Femoral impaction allografting for significant bone loss in revision hip arthroplasty

Hip Int 2017; 27(3): 281 - 285

Article Type: ORIGINAL RESEARCH ARTICLE

DOI:10.5301/hipint.5000438

Authors

Thomas A.J. Goff, Peter Bobak

Abstract

Introduction

Femoral impaction bone allografting in revision hip arthroplasty facilitates physiological reconstruction with restoration of bone stock, allowing implantation of a standard cemented femoral component. The purpose of this study was to report our experience in femoral component revision arthroplasty with impaction morsellised cancellous bone allograft using custom impactors and a cemented triple-taper polished stem.

Methods

Retrospective analysis of all cases of femoral component revision hip arthroplasty with impaction bone grafting undertaken by a single surgeon from 2005 to 2011. Outcome measures included radiographic analysis of stem subsidence over time, graft remodelling and incorporation, and clinical progress.

Results

We reviewed 47 consecutive hips in 44 patients, mean age 62 years (37-88). Femoral impaction with allograft was performed as either single stage (41 cases) or 2-stage (6 cases) procedures. All patients received a cemented C-stem prosthesis.
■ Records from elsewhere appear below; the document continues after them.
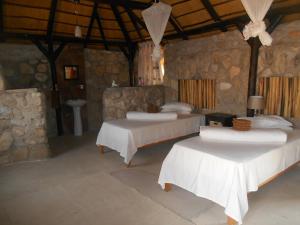 Gallery image of Kapika Waterfall Lodge in Epupa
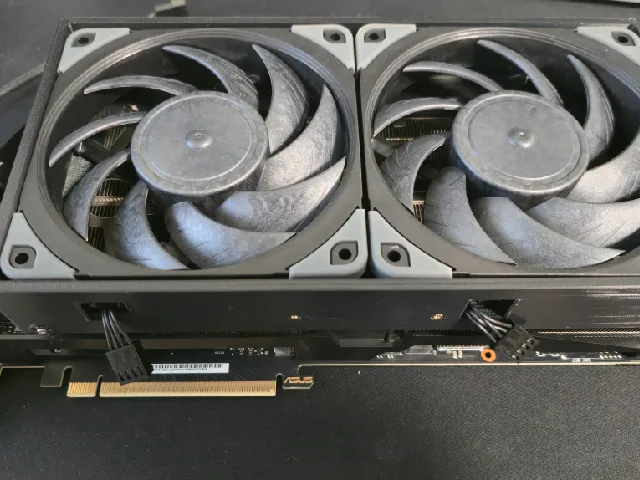 ASUS ROG Strix GeForce RTX 2080 Ti Custom Fan Shroud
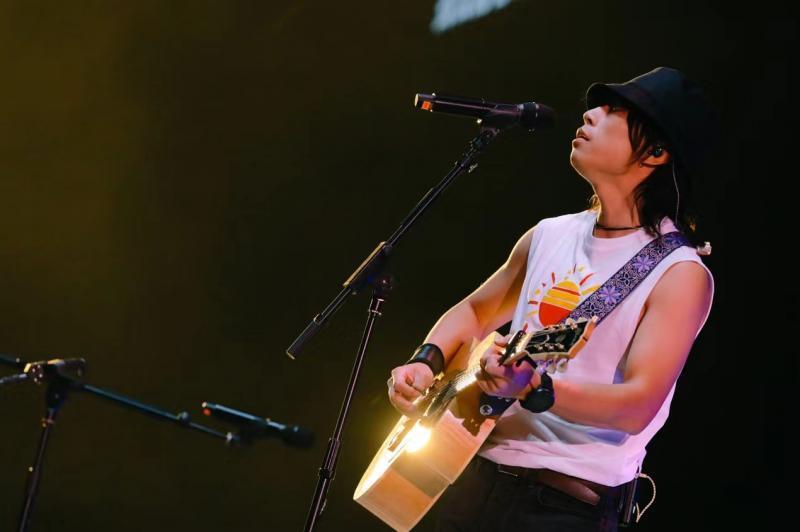 赵雷演唱会首演打造民谣艺术盛宴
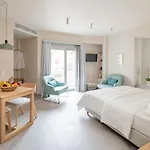 Townhouse アパートホテル Lefkáda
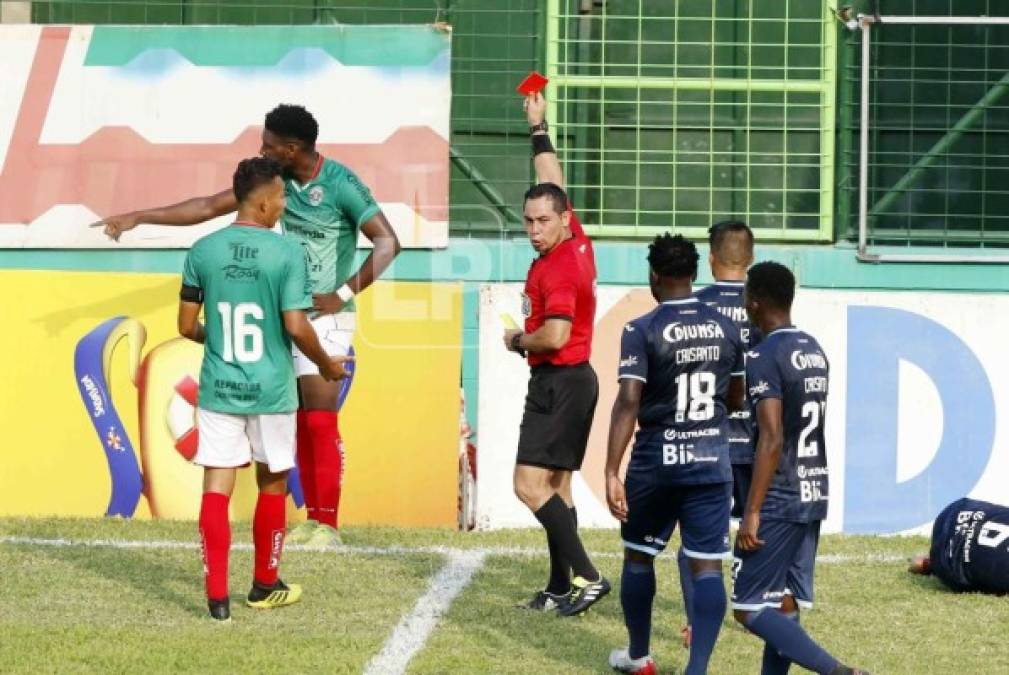 El árbitro Héctor Rodríguez cuando le mostraba la tarjeta roja a Cristian Moreira.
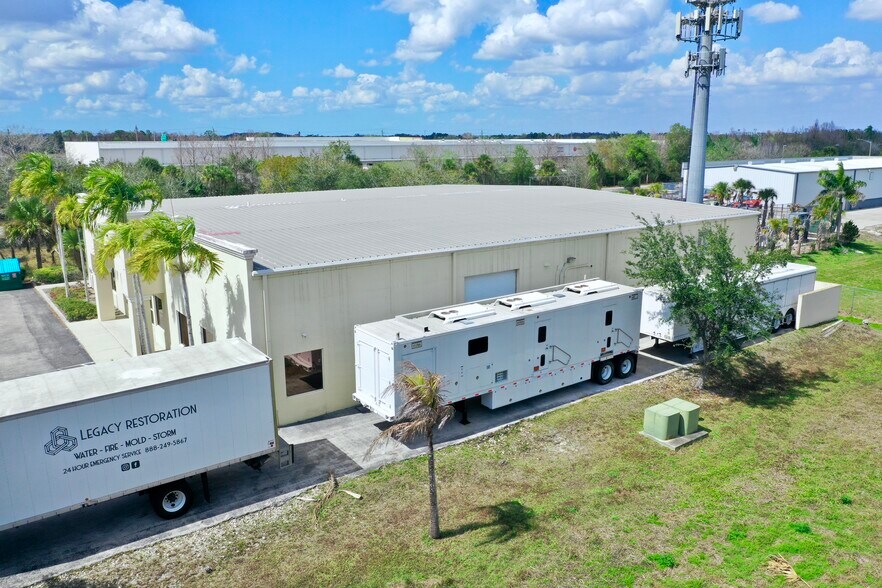 14230 Jetport Loop W, Fort Myers, FL à louer - Photo de l’immeuble – Image 2 sur 7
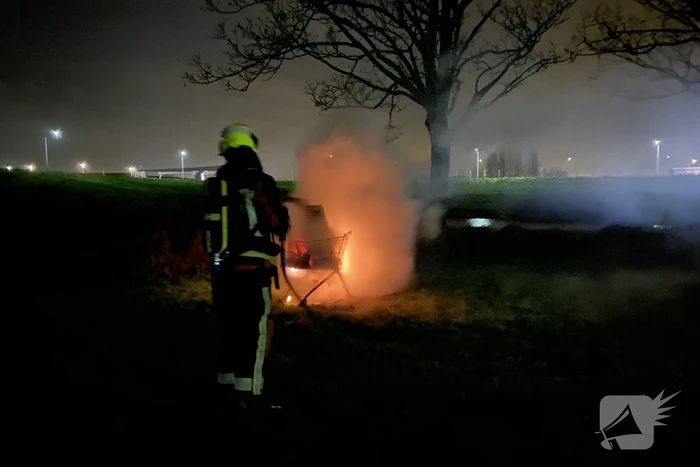 Winkelwagen met rommel in brand gevlogen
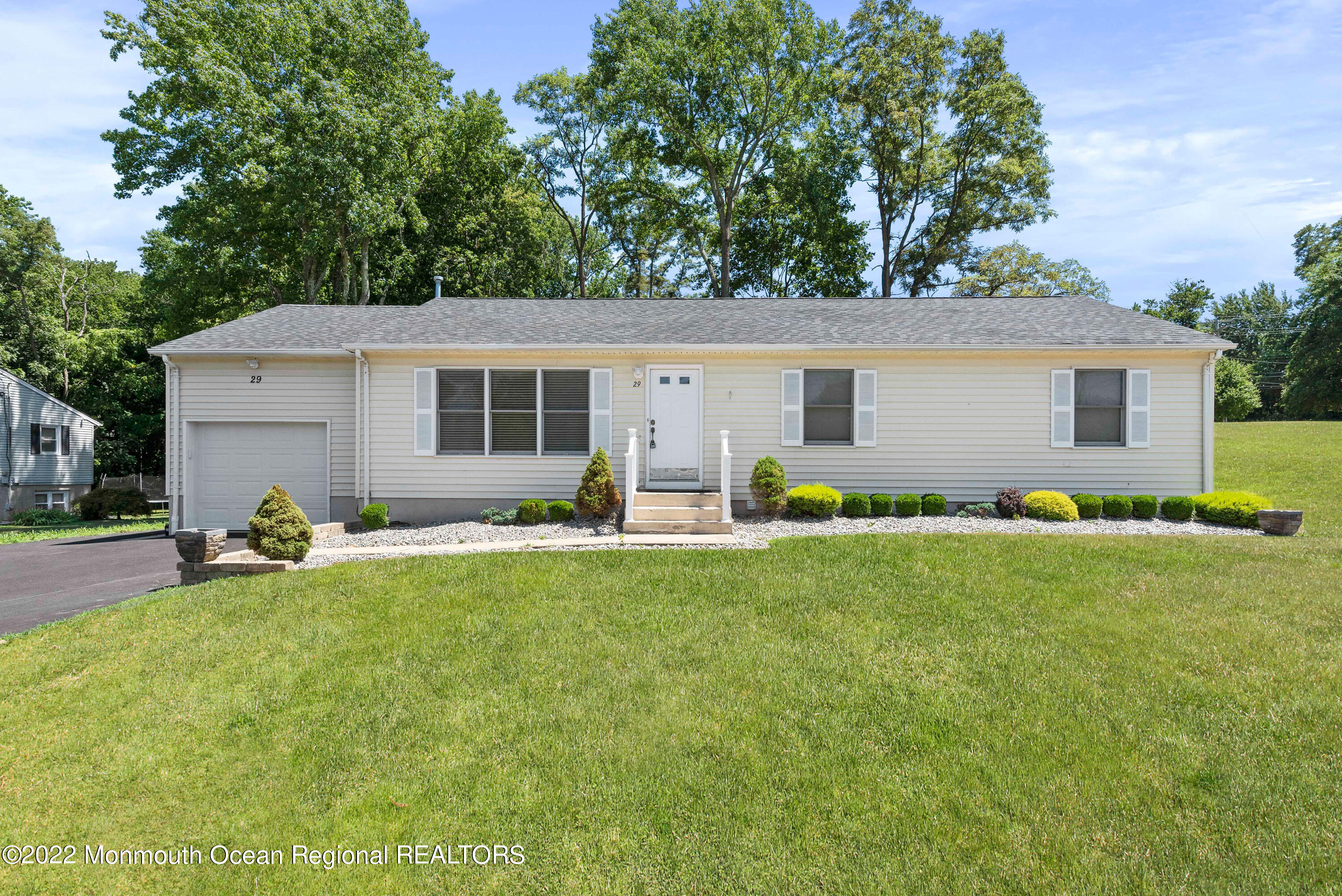 29 Station St, Manalapan Township, NJ 07726 MLS 22228243 Coldwell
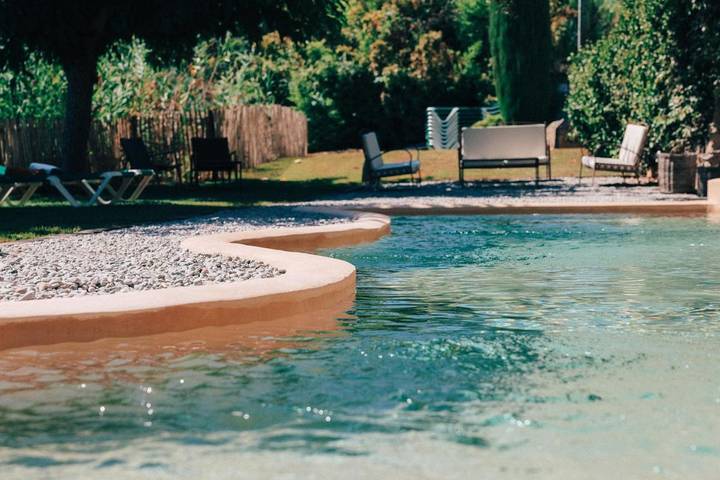 Hôtel pour 3 personnes, avec jardin et piscine, animaux acceptés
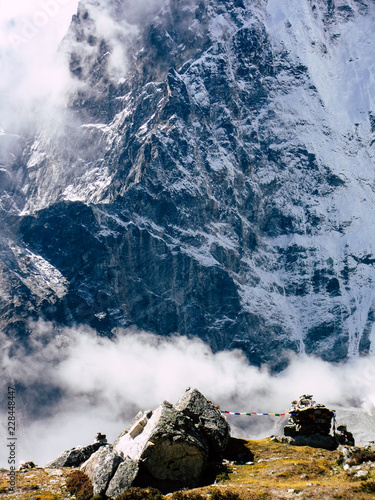 Dekoracja na wymiar  widok-na-krajobraz-i-gory-w-okolicy-everestu-w-nepalu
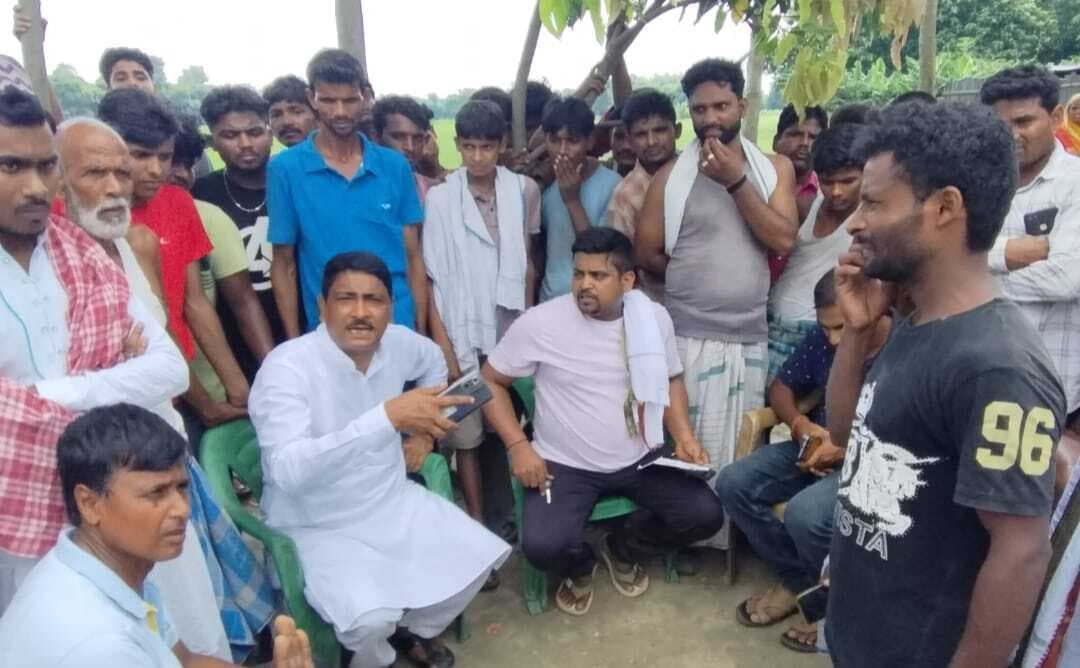 पोखर में डूबने से किशोर व किशोरी की मौत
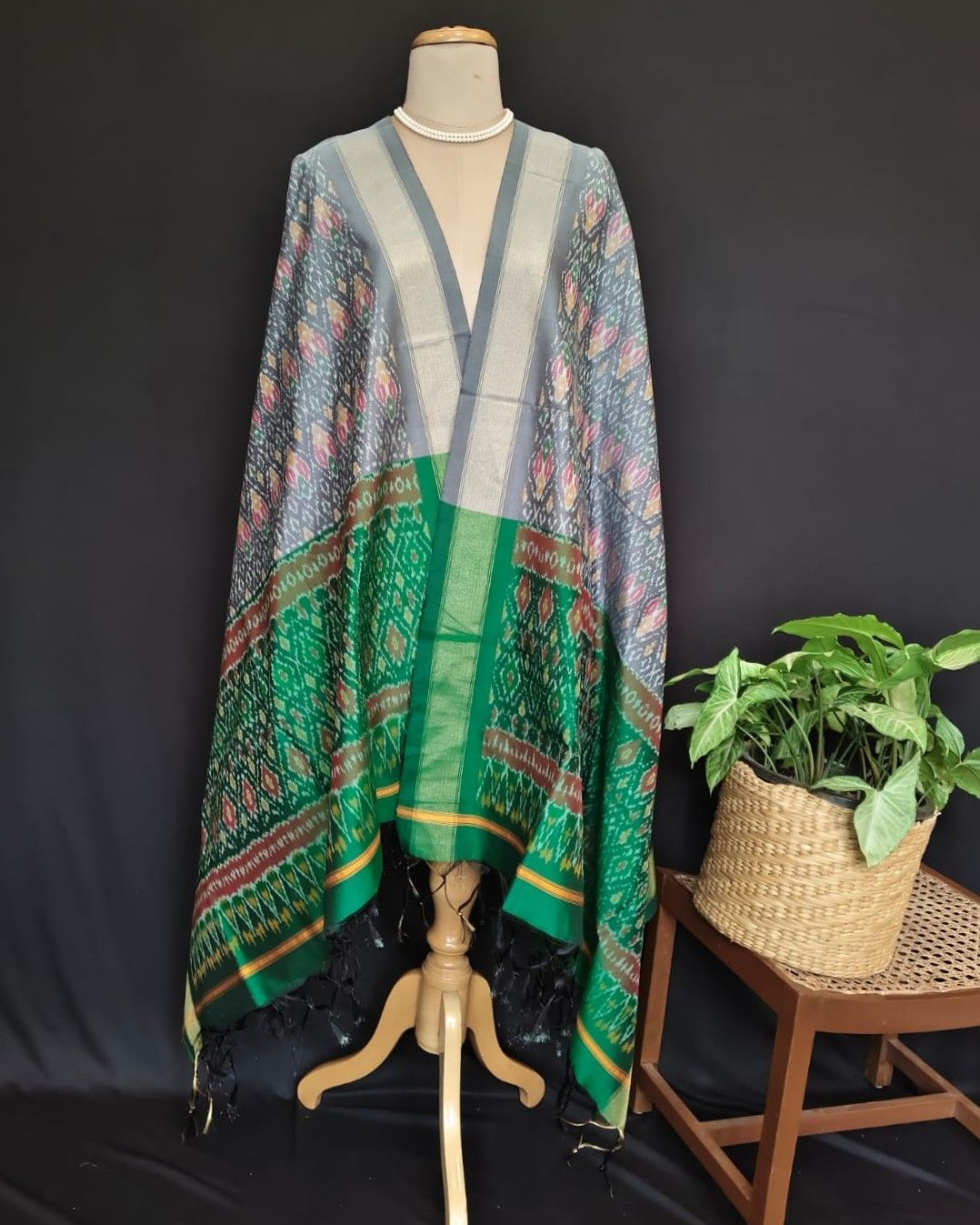 Silk-cotton Ikat Dupatta from Telengana – (SCDT0017)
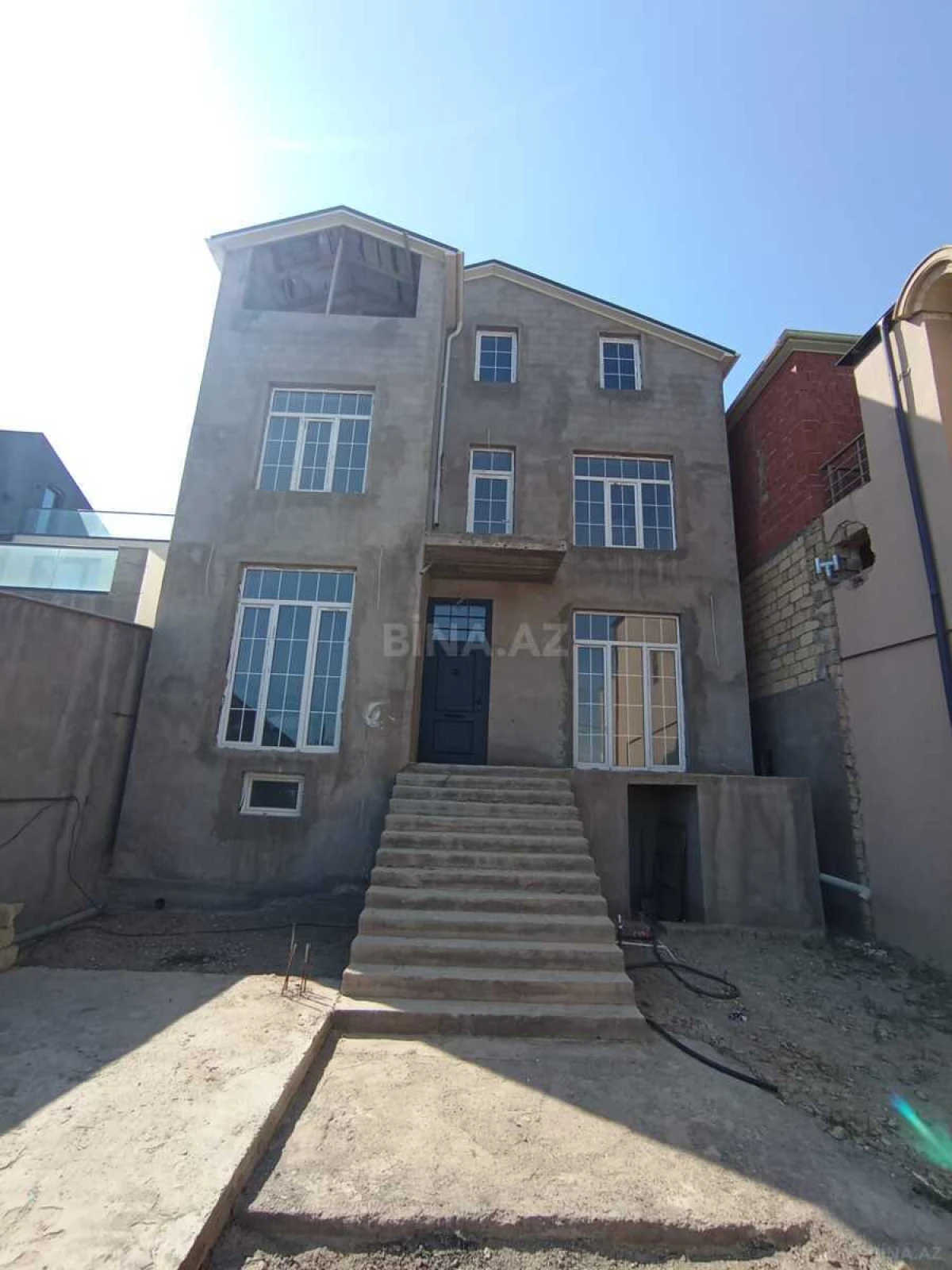 Satılır 5 otaqlı həyət evi 305 m²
The mean follow-up period was 5.1 (1.3-9.4) years. The median preoperative bone defect score was 3 (interquartile range [IQR] 2-3) using the Endo-Klinik classification. Radiological evidence of graft incorporation was observed in 89% (281 of 315 zones) with additional remodelling observed in 33% (103 of 315 zones). The median stem subsidence at 1-year follow-up was 1.1 mm (standard deviation [SD] 1.24 mm, range 0-6 mm). The median Oxford Hip Score at the most recent follow-up was 36.5. To date no femoral component has undergone further revision.

Conclusions

Encouraging results have been obtained with this technique for the treatment of significant bone loss in revision hip arthroplasty, allowing implantation of a standard prosthesis.

Article History

Disclosures

Financial support: None.
Conflict of interest: None.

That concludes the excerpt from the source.